### Given information
* * * * * * * * *

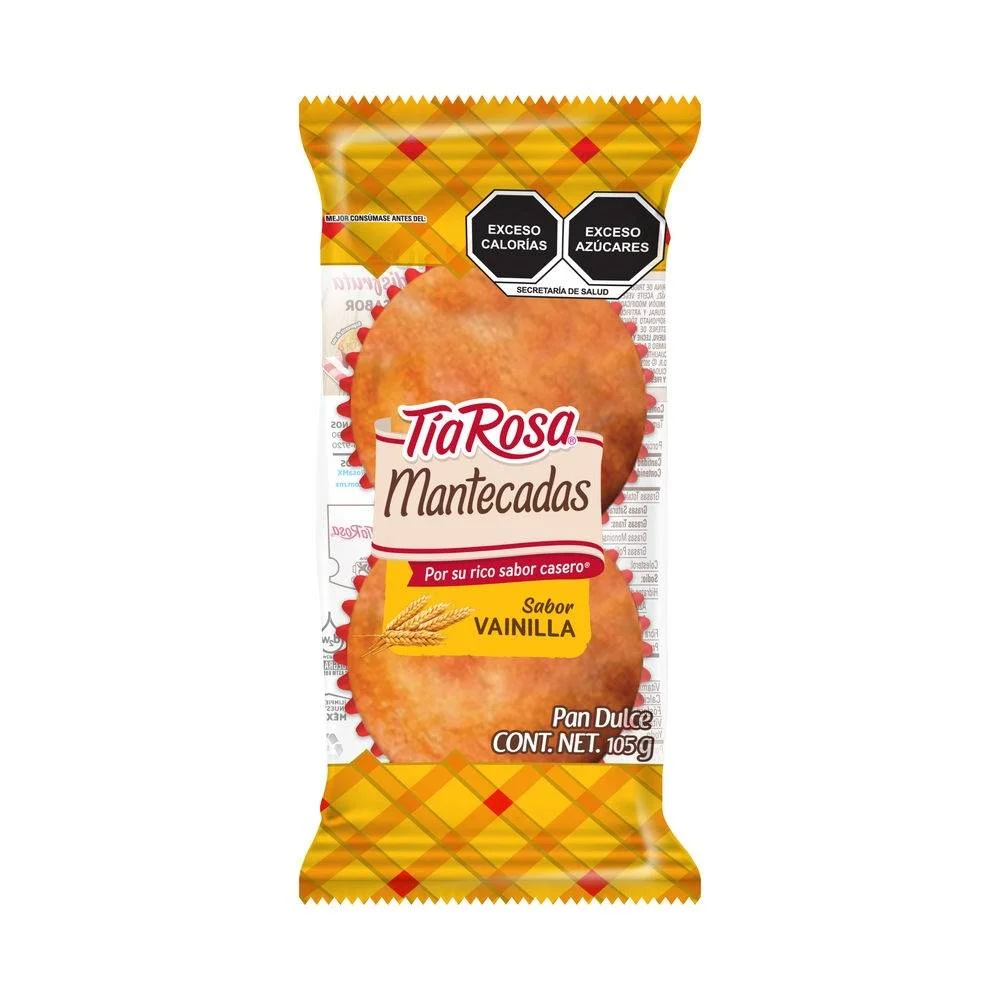 Mantecadas 2pz 105g Tia Rosa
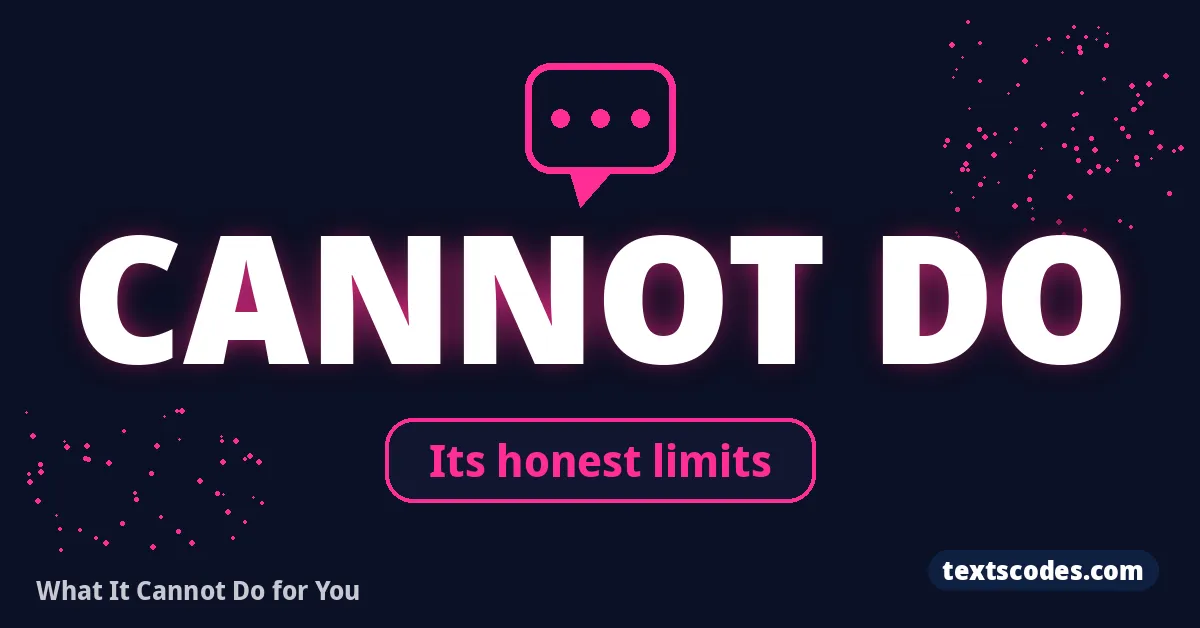 What It Cannot Do for You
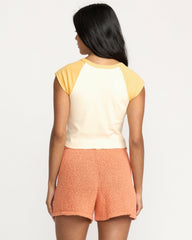 Beach Club Babe Short Sleeve T-Shirt - Butter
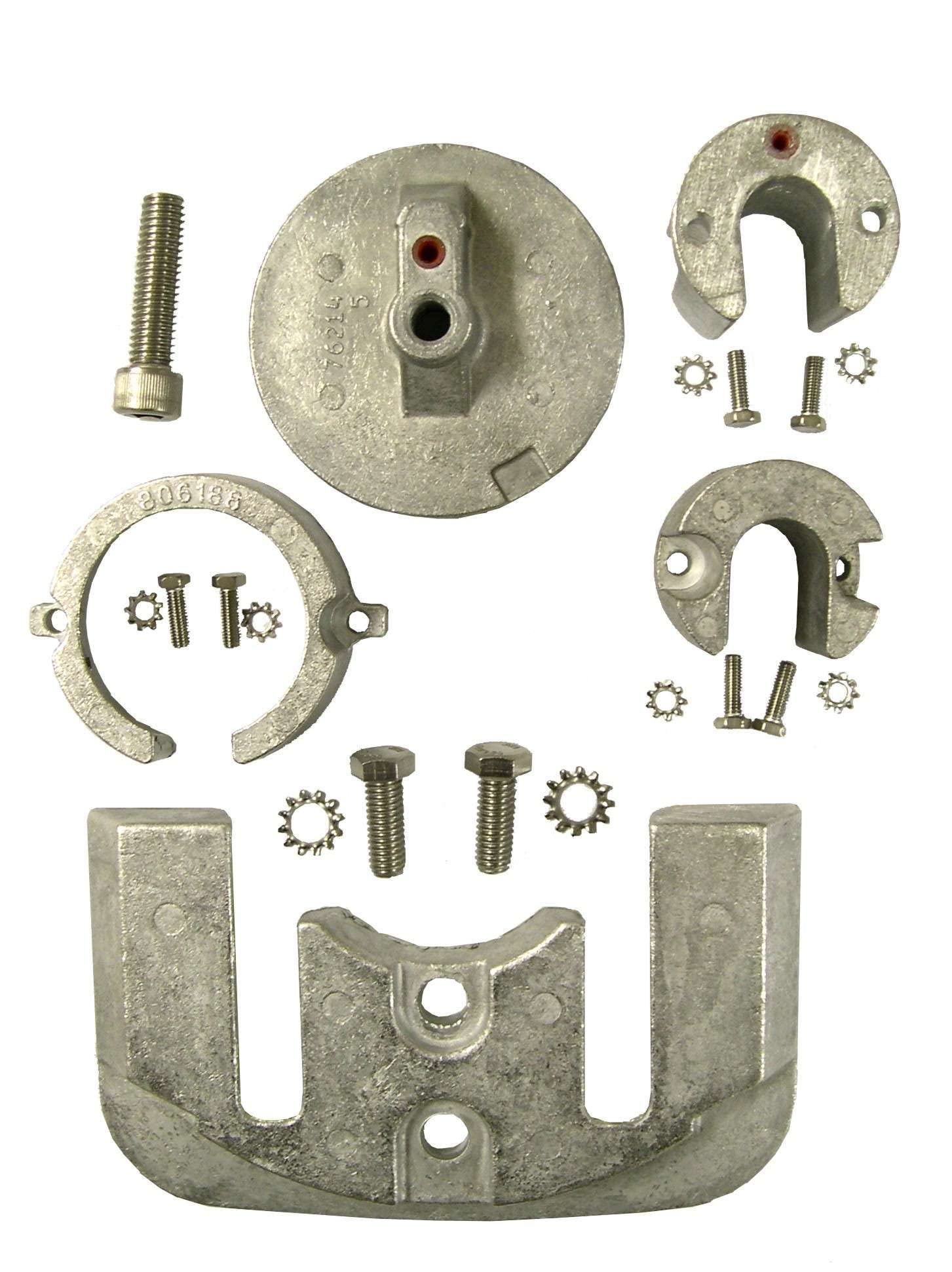 US Marine Products LLC Zinc Anode Kit for Mercruiser Bravo 1 Outdrives Includes Hardware Replaces Mercury 97-888758Q02, Quicksilver 888758Q02, Martyr CMBRAVO1KITZ, Seachoice 95041, Tecnoseal 20803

* * * * * * * * *

Reproduce the listing exactly. Leave its pictures out.

 Mantecadas 2pz 105g Tia Rosa
 What It Cannot Do for You
 Beach Club Babe Short Sleeve T-Shirt - Butter
 US Marine Products LLC Zinc Anode Kit for Mercruiser Bravo 1 Outdrives Includes Hardware Replaces Mercury 97-888758Q02, Quicksilver 888758Q02, Martyr CMBRAVO1KITZ, Seachoice 95041, Tecnoseal 20803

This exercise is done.